In a truly fascinating cover story for Time magazine this week — which covers everything from just how star Margot Robbie pulled off that incredible shot of Barbie’s perfectly arched feet exiting her high heels (eight takes and a bar to hold, apparently) to how Gerwig snuck in a visual reference to Michelangelo’s The Creation of Adam (“It’s on the same trajectory and angle as the Sistine Chapel,” Gerwig told Time, adding “nobody is going to notice that so I have to say it”) — the cast and crew behind Barbie discussed the film’s feminist leanings, and its celebration of Barbie while also understanding critique of the legendary doll’s place in the world of women’s media and merchandising.
And yet, despite the evidence of our eyes and ears — and the insistence of Gerwig and her cast — Mattel is seemingly unconvinced to say that Barbie is anything more than a fun romp, especially when it comes to its feminist politics. Time reporter Eliana Dockterman notes in the piece that Robbie Brenner, executive producer of Mattel Films and one of the architects behind the company’s push to bring Barbie to the silver screen, explicitly noted that Barbie is not a feminist film, a belief expressed by other unidentified Mattel executives spoken to during the story’s interview process.
“Who said that?” Robbie told Time when informed of the remarks. “It’s not that it is or it isn’t. It’s a movie. It’s a movie that’s got so much in it… we’re in on the joke. This isn’t a Barbie puff piece.”

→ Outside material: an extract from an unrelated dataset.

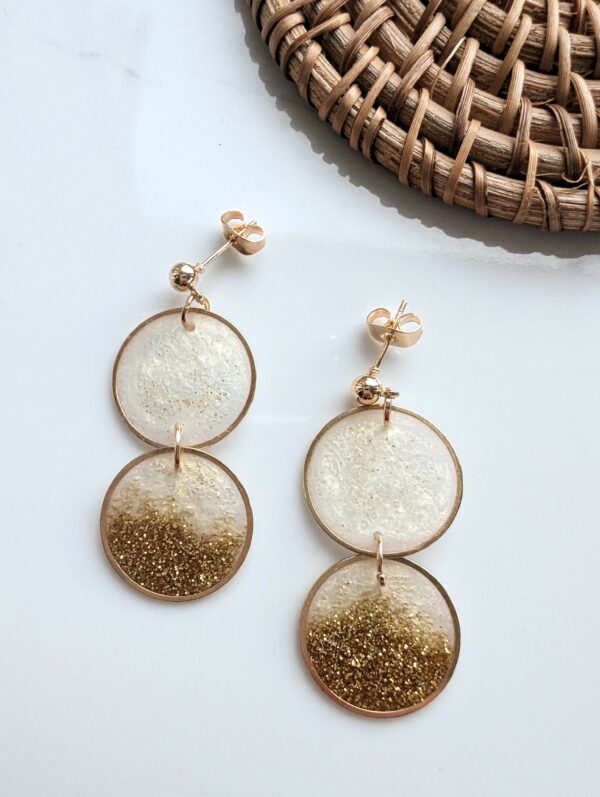 Resin Earrings, Gold, white, glitter, dangle, statement, fine jewellery, resin - main product image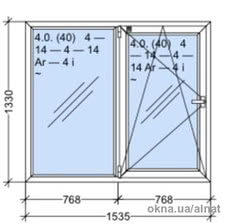 2-х створчатое окно 1535*1330 неликвидное правая створка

It’s an intriguing remark given, well, as we said, the evidence of our eyes and ears. Especially so when we’ve seen glimpses of the comical role Mattel itself has in the film, where Will Ferrell’s faux-CEO yells about recapturing Barbie while legions of suit-clad men chase Robbie’s living doll through the desaturated halls of the toymaker. At this point in the cycle ahead of Barbie’s release — as seemingly the whole world is saturated in her preferred shades of pink, from Malibu Dreamhouses to cars, toys, shirts, makeup collabs, and everything in between — why try to distance yourself from what the movie’s clearly yearning to do for Barbie and her place in our popular culture? And what Mattel itself has done in recent years, revitalizing its Barbie doll range with a diverse array of hair, skin, and body types?
“If [Mattel] hadn’t made that change to have a multiplicity of Barbies, I don’t think I would have wanted to attempt to make a Barbie film,” Robbie also told Time, acknowledging the company’s own changing view of Barbie as a women’s icon. “I don’t think you should say, ‘This is the one version of what Barbie is, and that’s what women should aspire to be and look like and act like.’”
With Barbie less than a month away, this isn’t a conversation Mattel’s going to be able to put back in a box.